Unless an elder or physically disabled, one must park below and walk up a gravel-laced steep road that is currently scattered with yellow, orange, and brown crunchy leaves. Along either side of the road is the forest and at the edges of the road, here and there, are stone cairns built by visitors, knocked down by creation, and built up again by human hands: manifestation of both gratitude and impermanence that touches me deeply every time I walk that path.
As I intend to do on every visit to the Peace Pagoda, I circumambulated the stupa. The stupa is the big white dome of a building, what my kids used to call “The Big Egg” when they were little. In the Buddhist tradition, a stupa is built as a sacred place, often containing sacred relics.
Today, I did it only once-round, but usually I try to do three circles in the clockwise direction, which is what I understand to be the Buddhist tradition.

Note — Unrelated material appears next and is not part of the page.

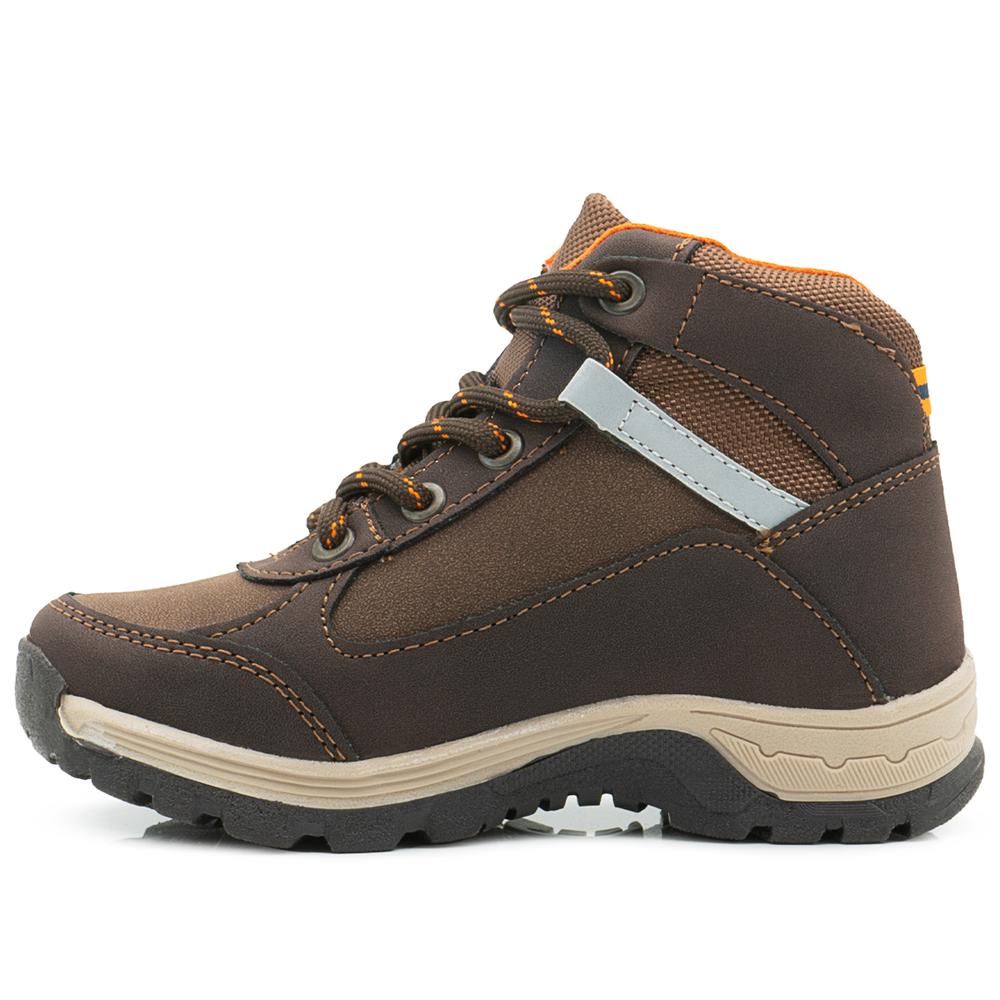 Foto 5 | Bota Todo Terreno Discovery Expedition Kids Chocolate 18-24 Chocolate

Circumambulation as a spiritual practice does not belong solely to Buddhists. Versions of this spiritual practice pop up in Christianity (think labyrinth), Judaism (think Sukkot), and Hinduism (different deities require different amounts – my favorite Hindu deity, Ganesh, requires only one pradakshina whereas Vishnu requires three – go figure.)
In fact, right now is the Hajj – the annual pilgrimage to Mecca/Makkah – where there is a whole bunch of circumambulation happening, generating holy circular energy in the universe. In Islam, this is called tawaf, where the Muslim version of circumambulation is making seven circles in a counter-clockwise direction around the Kaaba, the most holy site in Islam. Here is a gorgeous description from the web site Islam from Inside:
I stood and watched the tawaf for a long time. The tawaf consists of walking around the Kaaba seven times. Each circuit begins with raising the right hand in a salute of acknowledgment towards the black stone (called the hajar-al-aswad) embedded in one corner of the Kaaba. The raising of the hand is a substitute for kissing this stone since it is almost impossible to get close enough to accomplish that – there is forever a tight knot of people around the stone, all pressing inward in an attempt to touch or kiss it. If you approach too close to this endlessly forming and reforming knot you are squeezed so forcefully that your feet leave the ground and you have no control over where you are carried.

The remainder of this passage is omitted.